La décroissance est un phénomène qui n’est pas nouveau mais qui commence seulement à faire parler d’elle en des termes qui deviennent de moins en moins anxieux. Les hommes politiques vous disent toujours que la décroissance est le retour à la bougie, l’abandon du confort, de la voiture et du chauffage. Bien entendu, c’est faux. Mais ce mode de pensée étant opposé aux intérêts des productivistes de droite comme de gauche, est vilipendé de part et d’autre, critiqué, moqué, caricaturé à l’excès pour effrayer les masses stupides faites des électeurs lobotomisés que nous sommes.

 

La décroissance c’est autre chose que cela. C’est le retour à des techniques ancestrales de culture, qui produisaient autant que nos agriculteurs chimistes mais sans tuer notre terre nourricière, sans occulter que cette planète n’est pas nôtre mais celle de nos enfants et petits-enfants. C’est une industrialisation qui se rapprochera des êtres au lieu de les prendre que pour des unités de production. C’est permettre une consommation qui corresponde à notre souhait de bien-être et de bien-vivre au lieu du bien-avoir et du bien-mourir. La décroissance c’est une nouvelle répartition du travail et plus de temps pour chacun à consacrer à nos familles, à nos vrais amis, pas ceux de « face de bouc » ni de « twister ». La décroissance c’est remettre l’homme au centre de nos préoccupations en lieu et place des statistiques et des billets de banque.

 

Si nous ne changeons pas nos habitudes, elles vont nous détruire, il ne peut en être autrement.
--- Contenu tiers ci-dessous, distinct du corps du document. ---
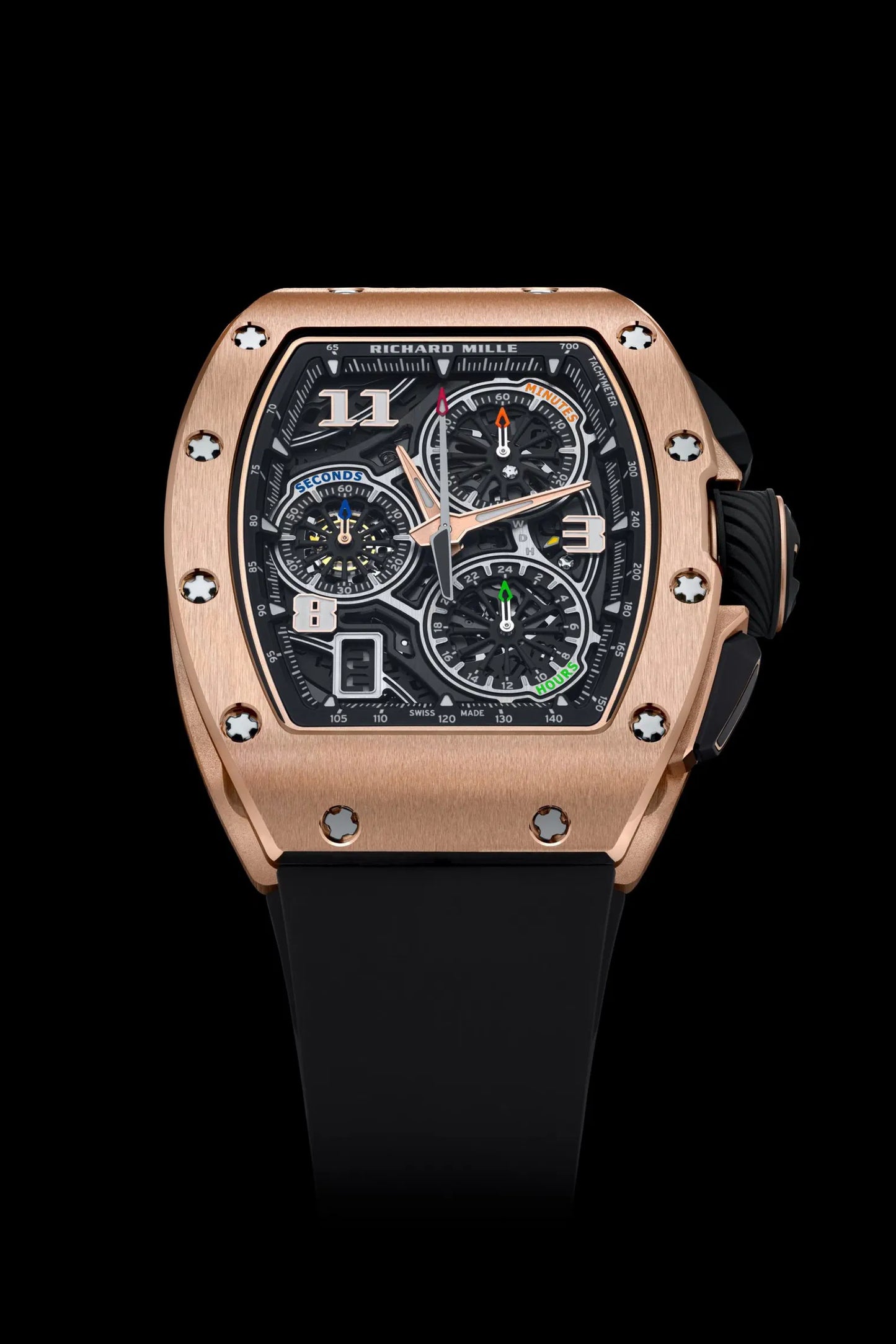 RM 72-01 Automatic Winding Lifestyle Flyback Chronograph Red Gold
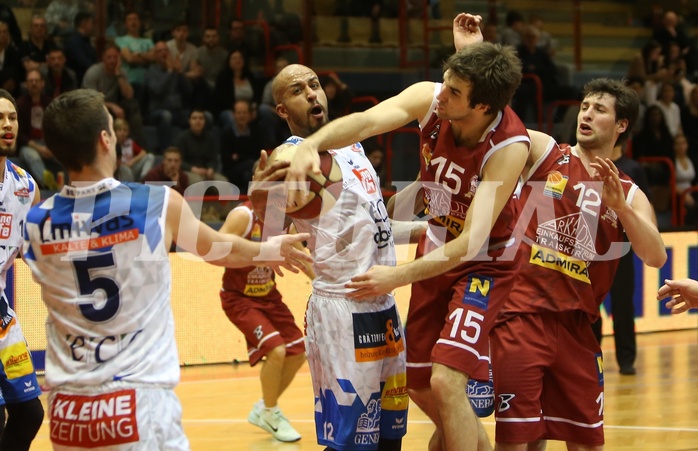Basketball ABL 2017/18, Grunddurchgang 27.Runde Traiskirchen Lions vs. Kapfenberg Bulls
Un monde fini dans toutes ses dimensions ne peut générer une croissance continue et exponentielle ad vitam aeternam, qu’on se le dise… Plus nous attendons moins ce sera facile et plus il sera compliqué de survivre…

 

A bon entendeur, devenez sourd…

 

Haroun.

1 Comment

  1. Pangloss Répondre

    La décroissance volontaire et programmée serait un bien. Mais, si nous ne faisons rien, elle nous sera imposée par la réalité de la démographie, de la pollution, du gaspillage des ressources
    naturelles.

    Amicalement.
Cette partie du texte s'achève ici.